CS 7150 Final Project

Deep Learning by Professor David Bau, Fall 2022

Probing Latent Diffusion

Andrew Lemke & Lakshyana KC

Introduction

Diffusion models’ high quality generations and capability to condition on text brought praise and interest to this development. Examination of the model’s denoising process leads one to the traditional visualization, which shows each intermittent latent processed through the VAE, producing a series of images showing a form appearing out of noise. This interrogation leaves many questions about the models behavior, especially as much of the first half of this visualization is too noisy to determine what actions the model is taking. The nature of the prompt’s grammar and impact is also unclear. We aim to answer these questions by probing the latent space of the model, and visualizing the results.

To discover more about the diffusion process, we constructed four probes that reveal behavior of the model not observable in the traditional visualization. Probes 1 and 3 indicate the model takes only a few steps to determine the sketch of the final output, with probe 3 showing the model’s focus at various steps. Probe 2 investigates the impact of conditioning between generations with good and bad prompt synthesis.

Probe 4 performs a text-image attribution analysis on the Stable Diffusion model with the help of the diffusion attentive attribution maps (DAAM) method, which is based on interpreting the model using aggregated and upsampled cross attention scores [6]. We use this method to probe into the stable diffusion model’s visual reasoning abilities such as compositional reasoning, object recognition and counting, and spatial and object-attribute relationship understanding. This investigation indicates that the model demonstrates a higher accuracy in representing the correct actions and objects based on the prompts in the generated image, compared to their counts and relationships. In addition, when evaluating the model’s general performance after categorizing the attention scores for a word by its parts of speech, certain word types such as nouns and verbs were observed to have a higher attention score distribution over the generated images in comparison to adjectives and numerals.

While comparing the model’s outputs for the same prompt over multiple experiments, the model showed varying performance in several prompts. While some experiments showcased an accurate heat-map and image generation that captured each object and relationships conveyed by the prompt, others had some attributes or objects from the prompt missing in several cases, indicating a relatively weaker visual reasoning skills of the model in comparison to what its realistic image generation capabilities might indicate.

Background

Diffusion Models

Diffusion models are generative models that learn to gradually remove noise from data. In inference mode, they generate data after iterative denoising a random initial seed. These models gained popularity in the image generation space where they can be trained to generate images conditioned on a text input, which is the kind of model we explored here.
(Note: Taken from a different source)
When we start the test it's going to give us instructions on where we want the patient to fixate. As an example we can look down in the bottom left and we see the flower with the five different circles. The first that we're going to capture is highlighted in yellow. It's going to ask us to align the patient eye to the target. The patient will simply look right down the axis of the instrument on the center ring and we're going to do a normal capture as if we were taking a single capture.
The idea for this type of model started in 2015 with Sohl-Dickstein et al., and was improved upon in 2019 and 2020, where it gained enough capability and traction to break out on to the image generation scene (2).
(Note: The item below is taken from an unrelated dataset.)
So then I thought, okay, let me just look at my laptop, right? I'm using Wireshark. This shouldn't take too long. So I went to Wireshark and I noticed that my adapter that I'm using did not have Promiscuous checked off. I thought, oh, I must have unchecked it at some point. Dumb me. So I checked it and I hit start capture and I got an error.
The following model is often presented to describe the noising process. An image starts at time t=0, and q gradually adds noise to the image over a number of steps until the image is pure gaussian noise at t=T. The reverse process p removes the noise at a particular step. (1)
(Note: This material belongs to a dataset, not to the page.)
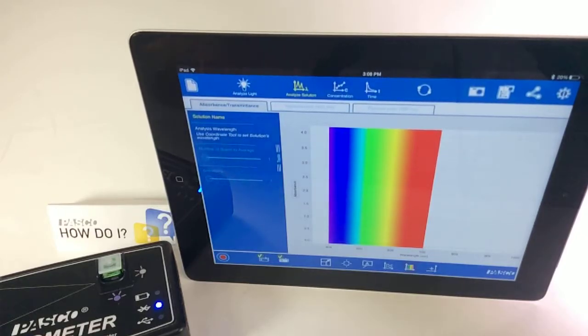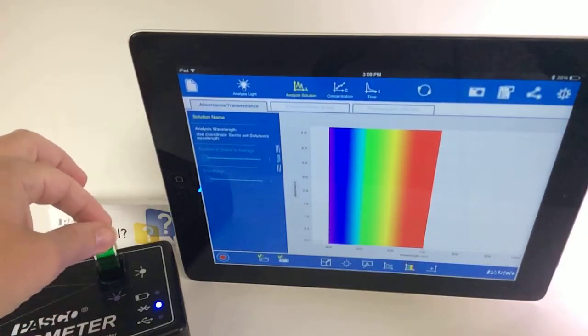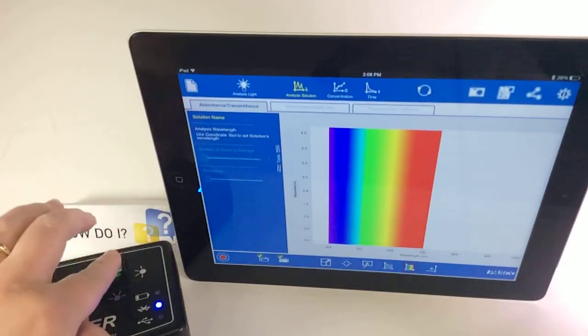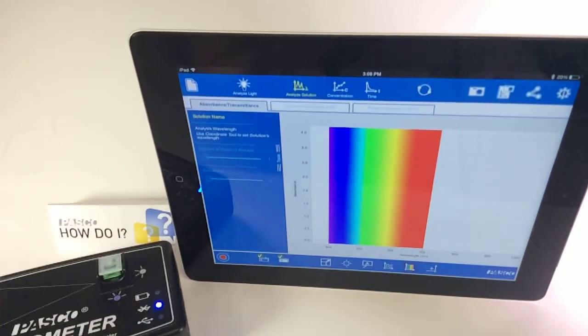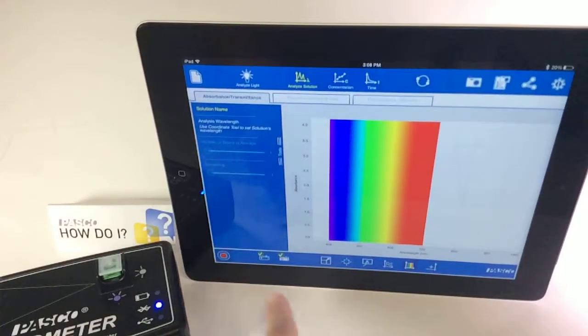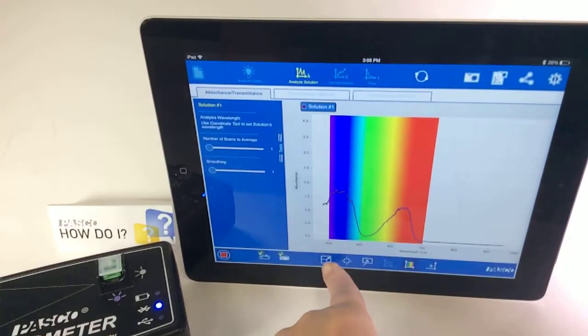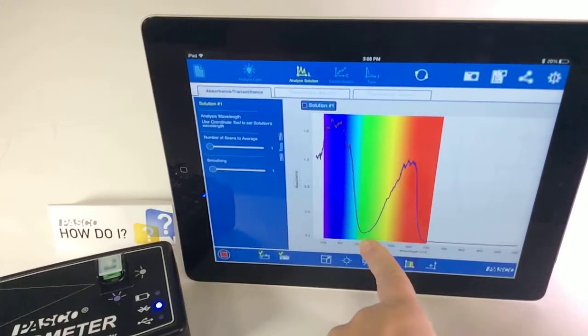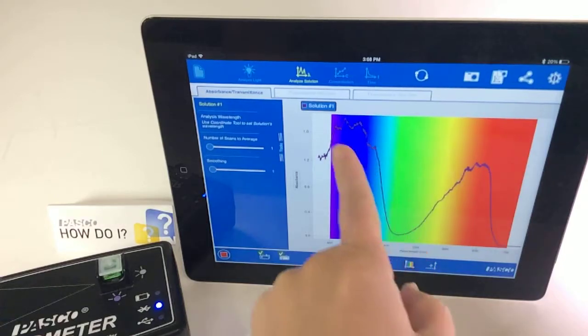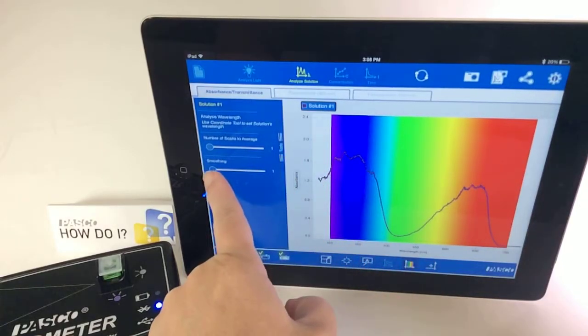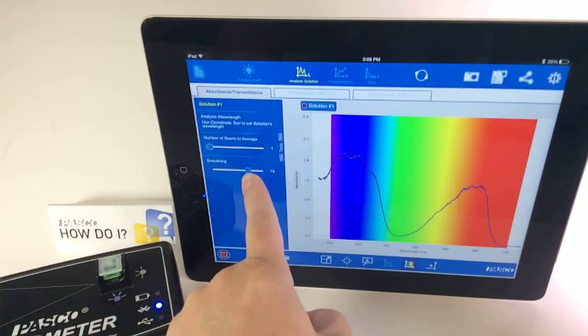So I have my colored solution in which the reaction will take place in the spectrometer. I'm going to begin data recording, and while data is recording, I can auto scale and manually scale, and I can also use the smoothing option.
figure. — Figure 1.1: The noise addition and removal process from Ho, Jain, Abbeel (1).

Writing the q process is fairly simple. To calculate the q at the next timestep, we sample some gaussian from the previous timestep with a mean and variance that also depend on some parameter beta . Beta increases with t between (non inclusive) 0 and 1. The schedule of the betas can be altered as a hyperparameter of the process. The key point is that at time t=T, the image must be noised so much that it is indistinguishable from gaussian noise, in other words, no “signal” remains.

The p process is the hard part, in fact, it is intractable as it requires knowing the total distribution of all images. The diffusion network is trained to learn how to do the p process. In practice, Ho et al. finds predicting the noise added “performs approximately as well as predicting [the mean] when trained on the variational bound with fixed variances, but much better [performance] when trained with our simplified objective,” alluding to some theoretical simplifications made in their paper.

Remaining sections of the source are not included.